Yarım saatlik yolu on dakikaya indirmeyi başarmış, son gazla arabayı evin bahçesine sokmuştum. Arabadan inip eve koşarken onu gördüm. Karanlığımın ışığı, güneşim yere çökmüş öylece yere bakıyordu. Dudağının kenarından akan kanı görmemle, kanın beynime sıçradığını gözlerimden nefretin aktığını hissedebiliyordum. Fakat şimdi bu hislere daha ağır basan bir his vardı ki ; o da korku ve rahatlamaydı. Korkuyordum çünkü; büyük bir şoka girmişti. Rahatlamıştım çünkü; şu am karşımdaydı. Büyük bir hasar almadan karşımdaydı.

Hızlı adımlarla yanına gidip, yere çöktüm. Zayıf bedenini kollarım arasında aldığımda tepki vermemişti.

"Su getirin !" Bağırışımla korumalar telaşlanıp hareketlendiler. Fakat kollarımdaki kadın halen tepkisizdi.

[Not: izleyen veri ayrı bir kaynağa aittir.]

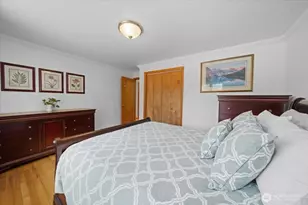 4536 119th Ave SE, Bellevue, WA 98006 - Photo 12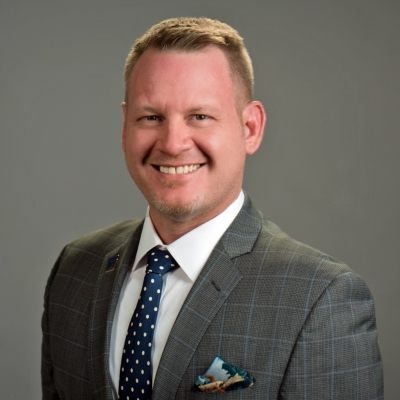 houmify agent avatar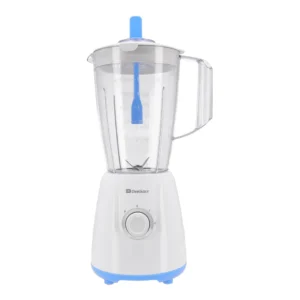 Dawlance DWTB 510W Table Blender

Geri çekilip kollarından tutarak, bedenini hafifçe sarstım.

"Hira ! Kendine gel ! Bak karşındayım ! İyisin !" Bakışları yerden kalkmazken, sarsmalarım bile etkisiz kalmıştı. Ellerimi yüzüne çıkarıp avuçladım. Gözlerini gözlerime bakmaya zorlayarak,bana odaklanmasını sağlamaya çalıştım. Fakat bakışlar o kadar boştu ki, korkumu körüklemeye yetmişti.

"Hira ! Benim Ezra !" Gözlerime uzun bir süre baktı. Daha sonra alt dudağı usulca titredi. Kaşları çatıldı. Gözleri dolup, irisleri titredi.

"Götürdüler..." Sesi o kadar kısıktı ki, bu kadar yakın olmasak kesinlikle duyamazdım. Söylediğine kaşlarımı çattım.

"Kimi götürdüler ?" Sorumu duymazlıktan gelip, aklına bir şey yeni gelmişcesine hızla etrafa bakındı.